- Born: Henry Howard Greenhouse 21 November 1923 Rhymney, near Caerphilly, Monmouthshire, Wales
- Died: 4 March 2013 (aged 89)
- Education: Rhymney Grammar School
- Alma mater: Newport College of Art (now the University of South Wales), Cardiff College of Art, Cardiff University
- Occupations: Draughtsman, teacher, actor, diy expert
- Years active: 1939–2013
- Known for: UK's first television DIY expert
- Notable work: Handy Round the Home, Dream Home, DIY SOS, Changing Rooms, House Doctor, DIY Challenge, QVC UK
- Spouse: Marjie Lawrence (1955–2010) Her death
- Children: Sarah, Laura, Robin

= Harry Greene (television personality) =

Welsh television personality (1923–2013)

Harry Greene (21 November 1923 – 4 March 2013) was a Welsh television personality, known for being the UK's first television DIY expert. During his lifetime, Greene wrote over 23 books, presented more than 2,000 DIY programmes, and via his building company had provided bespoke construction services to over 32 stars of stage and television.

==Early life==
Henry Howard Greenhouse was born in Rhymney, near Pontlottyn (then in Monmouthshire), to former Jack Greenhouse and his wife Una. His father, who had returned from fighting in World War I suffering from mustard gas poisoning, and mother were interested in the arts, poetry and music and regularly entertained at their home in Colenso Terrace. From aged 10, Greene would spend time at weekends with his uncle, a maintenance man and electrical engineer at Bargoed's Top Pit, who taught Greene to use tools properly.

After passing the eleven-plus exam, he was accepted at Rhymney Grammar School, where in 1936 he won the National Eisteddfod under-17s prize for drawing. He was taught sport by Olympic swimmer C. B. Thomas, under whom Greene became a record-breaking runner at county level, a gifted rugby union player, and champion junior Welsh long jumper.

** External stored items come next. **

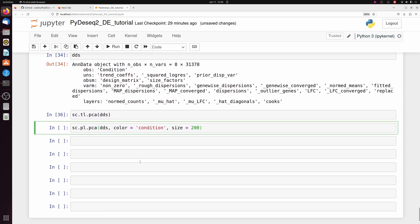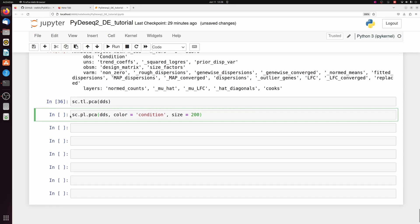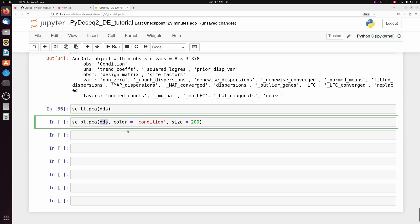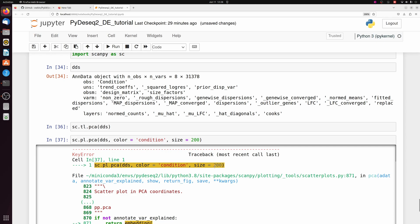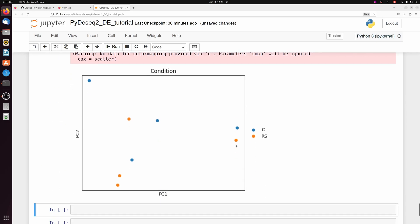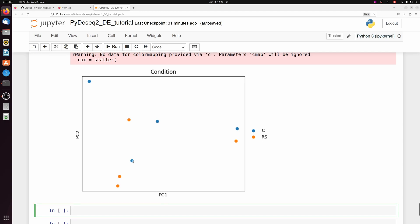So we're just going to do the scanpy tl PCA on our DDS object, and then we can just plot that. So we can do the scanpy plot PCA, DDS. And we need to specify condition is what we're going to color it on. And then we have to specify size because it's used to plotting thousands of single cell dots. So they would be very small if we don't specify at least 200. But you can play around with that number. I already know from working with these data in the past that the PCA doesn't look that nice. But here is the PCA plot. Of course, you would hope that your sample groups group together a little better than this.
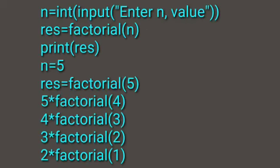We take n as input, enter the n value, then set result equal to factorial(n) and print the result.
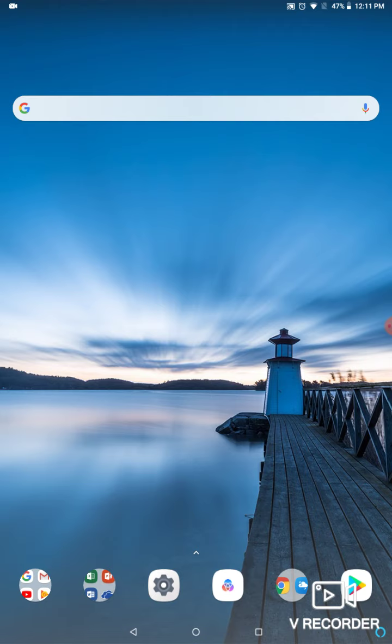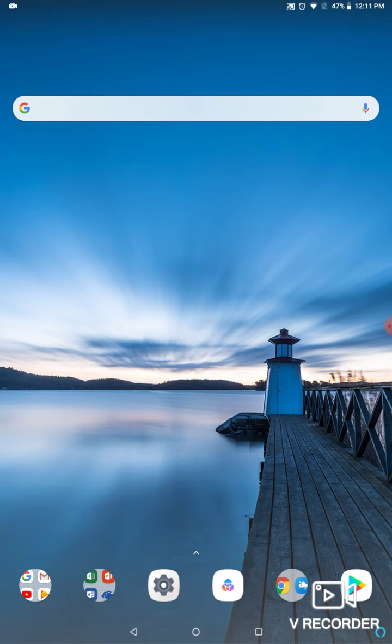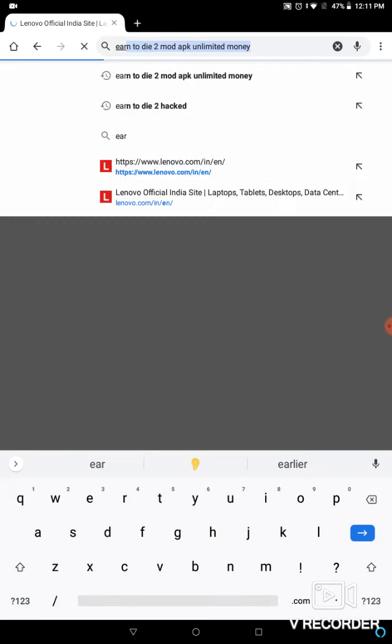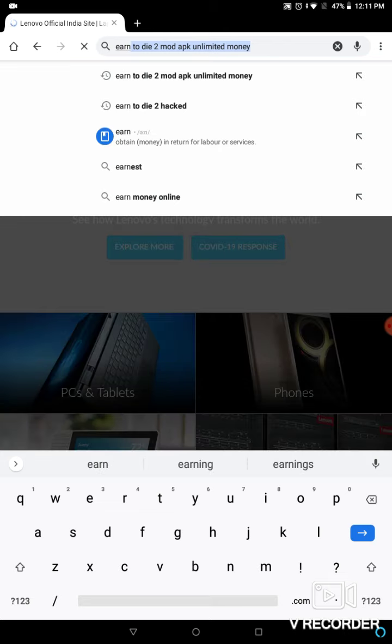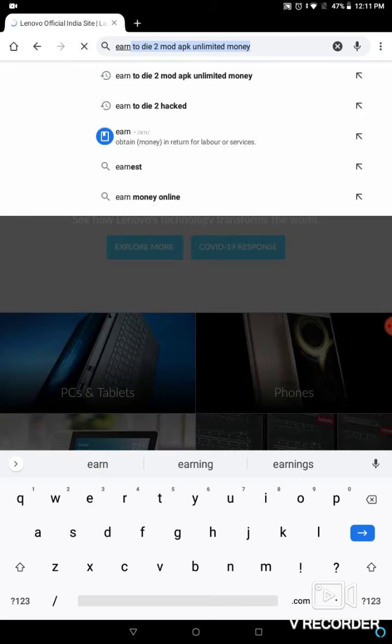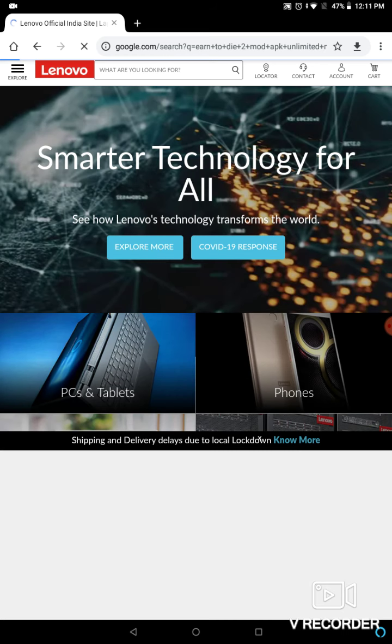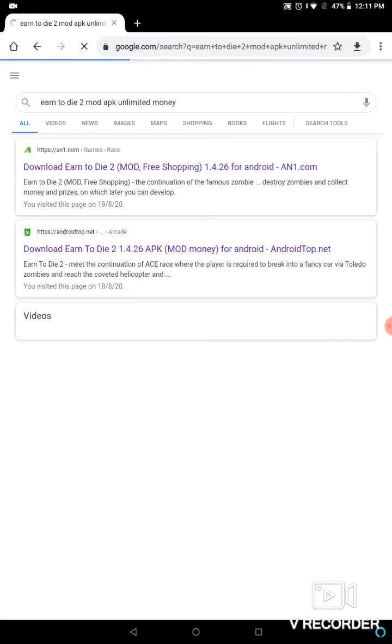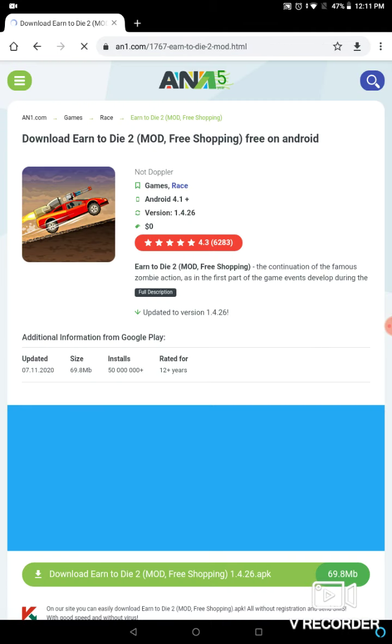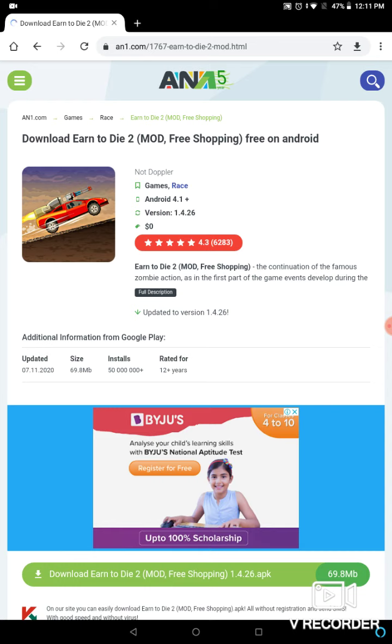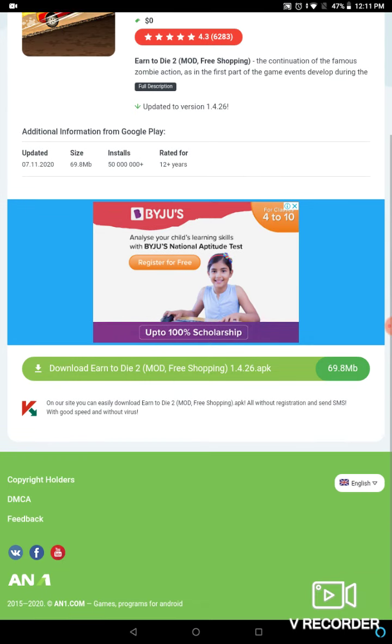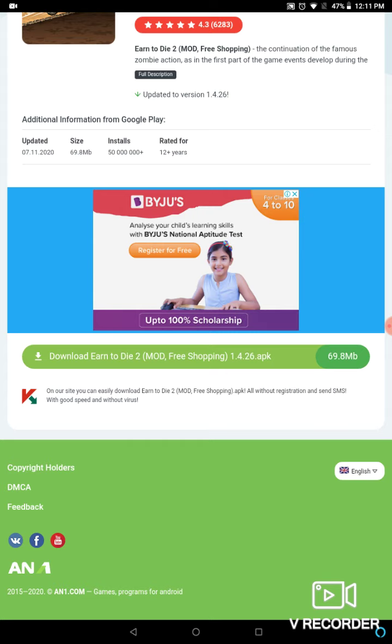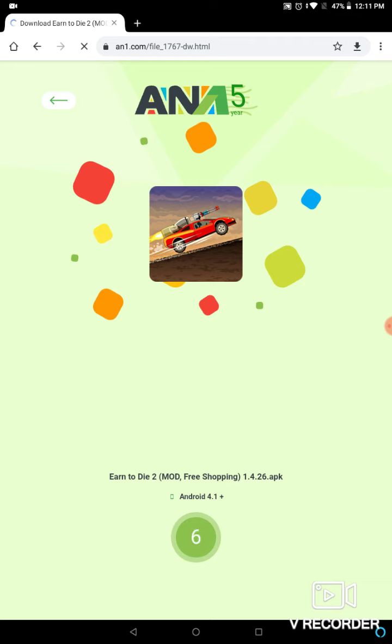First of all, go on the internet and get inside the Chrome. Type Earn to Die 2 mod APK unlimited money. If you want unlimited money, you can type Earn to Die 2 mod APK unlimited money. Press that button.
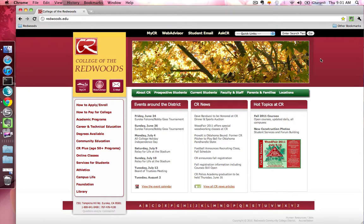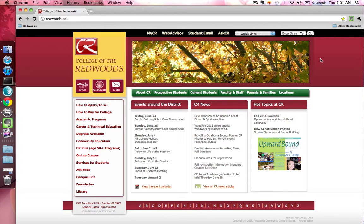The AskCR Support Center provides a place for you to get help on a variety of topics, like financial aid, distance education, and technology services.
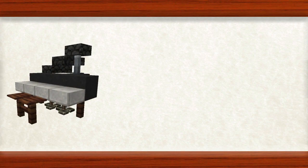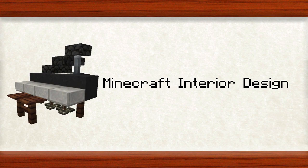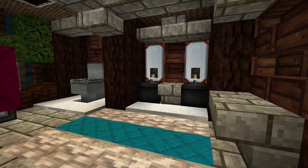Well hi everyone, WellStarbursts here, and welcome back to my interior design tutorial series. Today we will be analyzing components of a bathroom made by MaxiHacks and Ryan M16 as part of the idea showcase on the VoxelBox.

Whilst training as an engineering draughtsman at Newport College of Art (now the University of South Wales) in 1939, he won a scholarship to study architecture, Interior and Illustrative Design at Cardiff College of Art, with the final year at Cardiff University. However, due to the outbreak of World War II he had to delay starting the course, and was subsequently attached to REME as a draughtsman, working on a classified tank design for the Russian front. His father died from the effects of his earlier mustard gas poisoning in 1943.

==Career==
Post war, Greene took up his place at Cardiff College, training as a draughtsman's assistant and architect. During this time he befriended fellow student and later Doctor Who script writer Terry Nation, with whom he worked on student productions and then working weekends at the New Theatre, Cardiff as a stagehand. This led to amateur acting with the Unity Theatre company, and as a volunteer assistant at Cory Hall on Eynon Evans weekly BBC Wales radio show, where he met Harry Secombe.

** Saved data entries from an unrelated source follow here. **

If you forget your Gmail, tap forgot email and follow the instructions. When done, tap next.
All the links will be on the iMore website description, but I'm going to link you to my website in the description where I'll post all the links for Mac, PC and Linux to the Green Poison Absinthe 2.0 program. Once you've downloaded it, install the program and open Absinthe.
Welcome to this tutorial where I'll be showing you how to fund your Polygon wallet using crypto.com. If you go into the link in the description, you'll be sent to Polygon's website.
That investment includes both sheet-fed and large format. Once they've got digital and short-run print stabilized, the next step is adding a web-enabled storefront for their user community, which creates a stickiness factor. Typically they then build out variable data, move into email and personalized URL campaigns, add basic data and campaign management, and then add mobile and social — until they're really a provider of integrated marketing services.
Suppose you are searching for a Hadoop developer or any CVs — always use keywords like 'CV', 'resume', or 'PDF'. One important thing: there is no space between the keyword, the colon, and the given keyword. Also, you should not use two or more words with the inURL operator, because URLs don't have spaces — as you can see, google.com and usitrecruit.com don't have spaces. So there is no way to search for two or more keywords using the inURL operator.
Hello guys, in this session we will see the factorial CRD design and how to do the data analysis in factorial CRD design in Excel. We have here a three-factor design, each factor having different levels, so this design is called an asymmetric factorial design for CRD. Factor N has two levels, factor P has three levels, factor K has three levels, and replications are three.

Whilst training to become a teacher, he came up with a money-making idea to buy an ex-WD 350cc Royal Enfield motorbike. Using waste sheets of perforated laminate left over from sequin manufacturing, he made Christmas decorations in his student digs. On graduation, with his friend Henry Curly who also bought the same motorbike model, the pair travelled 6,000 miles through France, Switzerland and Italy. On returning home, Greene took up the position of Art and Drama teacher at Tredegar Grammar School, earning £20 a week. Taking a class to see a performance of Uranium 235 starring Joan Littlewood, his friend and producer of Unity Theatre introduced the pair. Littlewood was looking for a young Welshman to play William Shakespeare's Owen Glendower, and Taffy in Ewan MacColl's Paradise Street. Additionally as the owner/producer of the touring company Theatre Workshop, she also wanted someone who could build theatre sets and drive the lorry.

Greene resigned his teaching job the following day and moved to Manchester to join the Theatre Workshop, often earning less than £5 a week from the company's takings. In 1949, he changed his name to Harry Greene by deed of change of name. After two years the company moved to a new base at the near-derelict Theatre Royal music hall in Stratford, London. After Greene designed and organised the theatre's reconstruction programme, the first production was Twelfth Night in late 1953, for which Greene made the sets and also acted in.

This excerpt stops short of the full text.